India’s industrial production data is always a bit of a conundrum. Different pieces of data often show divergent trends. Even as PMI data touched a five-month high in November, industrial production data for the month is set to show a contraction. Following the festive season, when demand picked up, November’s index of industrial production (IIP) is expected to show a contraction, if consensus estimates are anything to go by. Economists expect IIP to contract by 0.4 per cent in November, in sharp contrast to the 8.2 per cent year-on-year growth seen in October. The reason: October would have seen plenty of re-stocking and as a result, November would have seen higher sales from inventories but the production would have happened in October. Shubhada Rao, chief economist at YES Bank attributes the robust growth seen in October to a combination of favourable base and sequential ramp-up of festival-related production.
October’s exaggerated growth seen in the manufacturing and consumer goods is not expected to last.
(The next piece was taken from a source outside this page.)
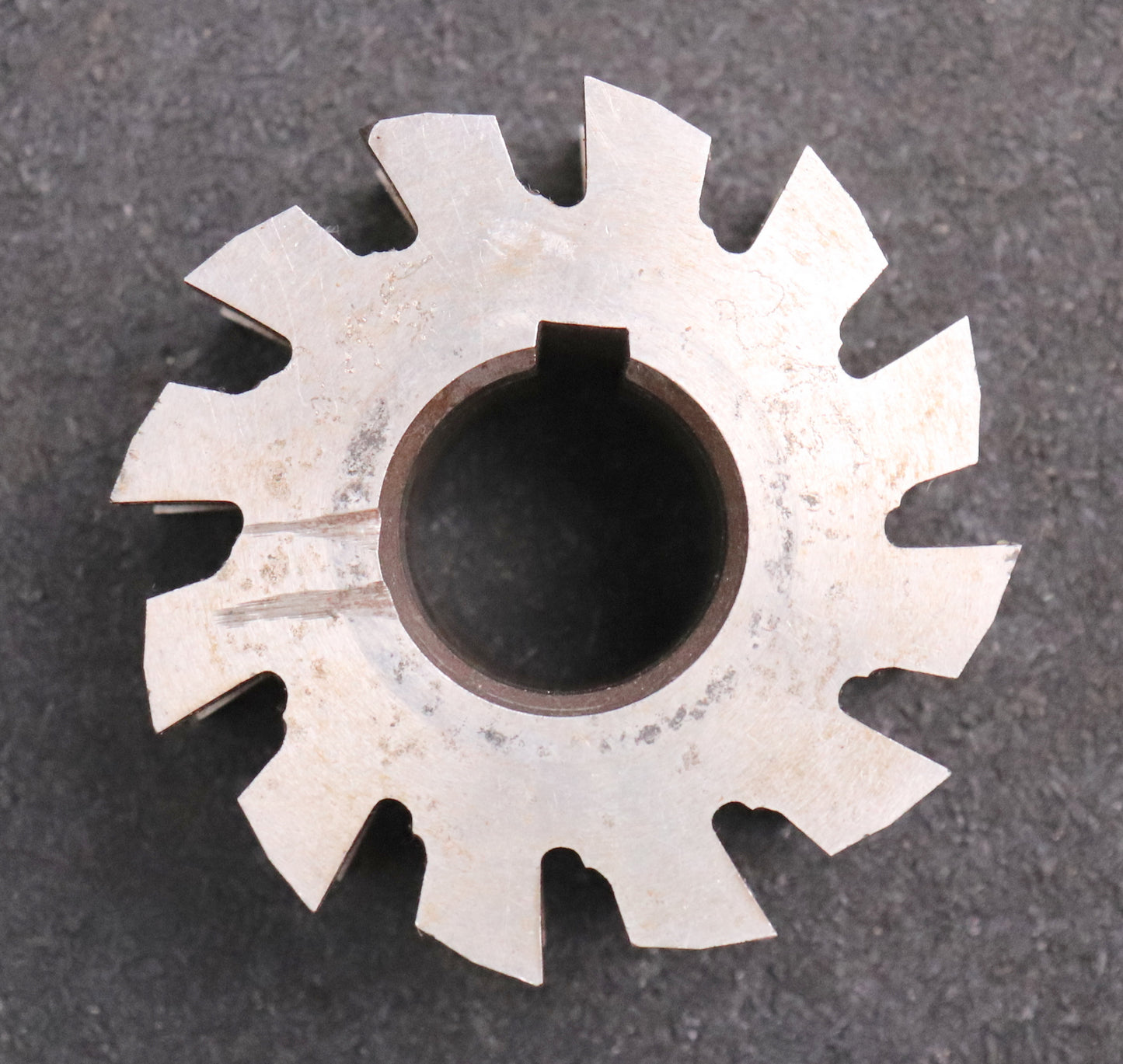 Bild des Artikels PWS-Halbrund-Formfräser-konkav-Radiusfräser-Radius-11,5mm-Ø75x43xØ27mm-mit-LKN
Though the worst is over for the industrial sector, the recovery is unlikely to be V-shaped. Indranil Pan of Kotak Mahindra Bank believes that with economic growth picking up in FY14 to 6.2 per cent, industrial activity would also post a recovery, albeit not a sharp one. He believes a floor has been reached and from here, industrial activity may either move sideways or marginally up. There’s more pain left in the capital goods segment and the recovery will largely be driven by the consumer goods segment.
According to Bank of America Merrill Lynch (BofA-ML), November industrial growth will likely contract by 1.5 per cent (0.4 per cent consensus) on post-Diwali base effect after jumping 8.2 per cent in October to meet pre-Diwali consumer demand. Even if IIP declines in November and December, thanks to the spike in October, the three-month moving average will remain positive. Indranil Sen Gupta, India economist at BofA-ML, says the growth of infrastructure industries has already come off to 1.8 per cent in November from 6.5 per cent in October. However, like many others, he believes industrial data is possibly underestimating industrial production by 200-300 basis points, given the PMI and industrial credit growth figures.
With industrial growth failing to show a secular rebound, economists believe that the Reserve Bank of India is most likely to cut rates. Indranil Pan is expecting a 25 basis points cut in repo rate in January and another 25 basis points in March. For the full year most economists are factoring in a 100 basis points rate cut.